VOGUE: Unified Understanding, Generation, and Editing for Videos
Abstract
Unified multimodal understanding–generation models have shown promising results in image generation and editing, but remain largely constrained to the image domain. In this work, we present VOGUE, a versatile framework that extends unified modeling to the video domain. VOGUE adopts a dual-stream design, combining a Multimodal Large Language Model (MLLM) for instruction understanding with a Multimodal DiT (MMDiT) for video generation. This design enables accurate interpretation of complex multimodal instructions while preserving visual consistency. Built on this architecture, VOGUE unifies diverse video generation and editing tasks under a single multimodal instruction paradigm and is jointly trained across them.
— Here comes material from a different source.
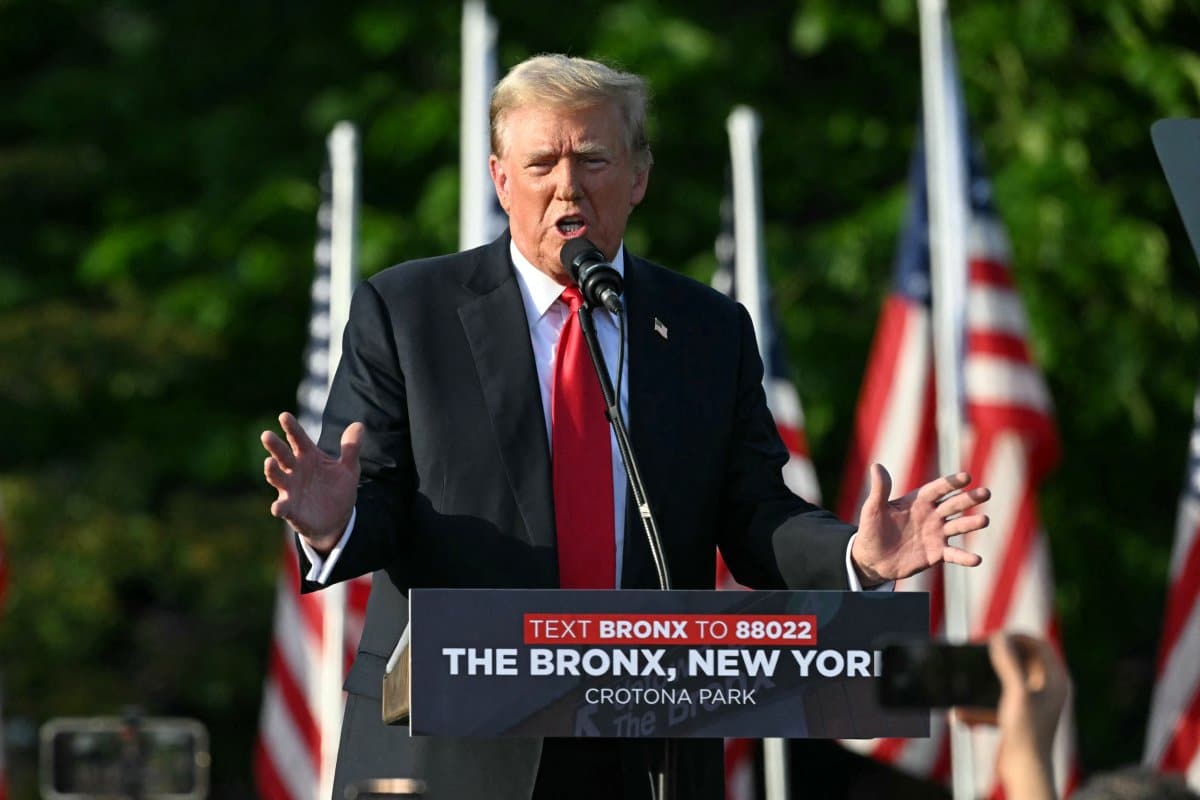 Donald Trump Loses Ground in New York Ahead of Madison Square Garden Rally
Extensive experiments demonstrate that VOGUE matches or surpasses state-of-the-art task-specific baselines in visual understanding, text/image-to-video generation, in-context video editing and generation. Beyond these core capabilities, the unified design allows VOGUE to generalize to unseen free-form editing tasks, such as green-screening characters or novel task composition (e.g., editing + style transfer) in a single instruction. Notably, VOGUE is the first system to support visual-prompt-based video generation in a unified model, where the MLLM interprets visual prompts and guides the MMDiT in synthesis. To foster future research, our model and code will be released.